**What to do:** Transcribe nothing except the lines below that run from the one with "N-BUTYRYL-3-(5-CHLORO-2-METHYLANILINO)-2-CYANOACRYLAMIDE" to the one with "Vorhänge mit Vorhängen", ends included, and do not copy any picture.

**Dataset records:**
Start of Block

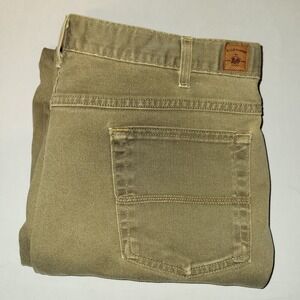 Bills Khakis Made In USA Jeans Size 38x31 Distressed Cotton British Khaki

End of Block
Start of Block

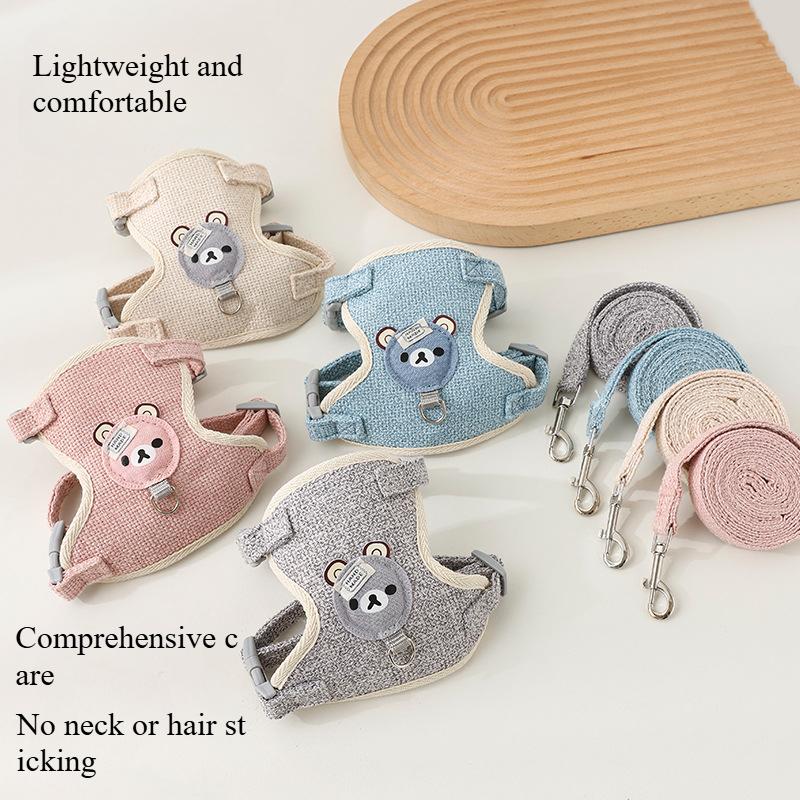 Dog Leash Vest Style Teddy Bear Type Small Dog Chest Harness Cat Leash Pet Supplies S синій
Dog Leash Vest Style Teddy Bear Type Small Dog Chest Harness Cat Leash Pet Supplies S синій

End of Block
Start of Block

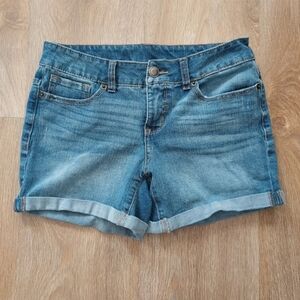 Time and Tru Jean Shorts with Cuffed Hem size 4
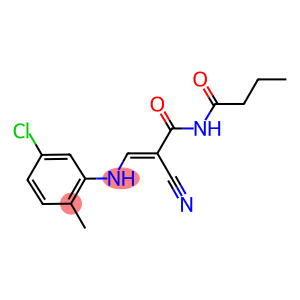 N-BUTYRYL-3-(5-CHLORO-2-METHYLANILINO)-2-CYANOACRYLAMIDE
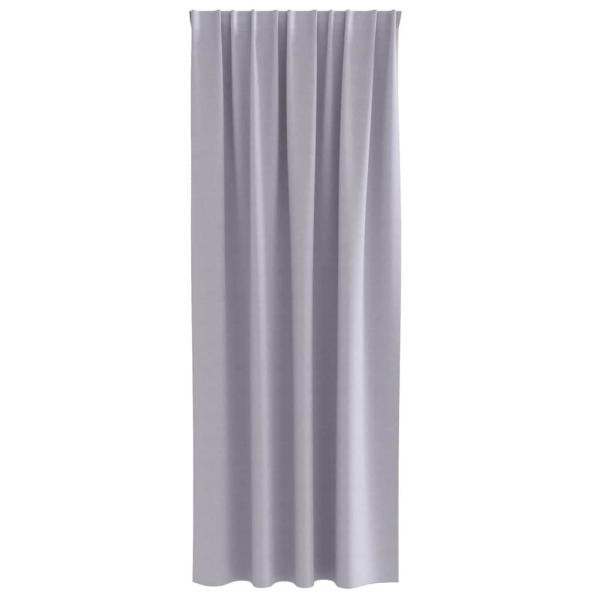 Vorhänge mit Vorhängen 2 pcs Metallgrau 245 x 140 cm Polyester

End of Block

**Solution to this task:**
 N-BUTYRYL-3-(5-CHLORO-2-METHYLANILINO)-2-CYANOACRYLAMIDE
 Vorhänge mit Vorhängen 2 pcs Metallgrau 245 x 140 cm Polyester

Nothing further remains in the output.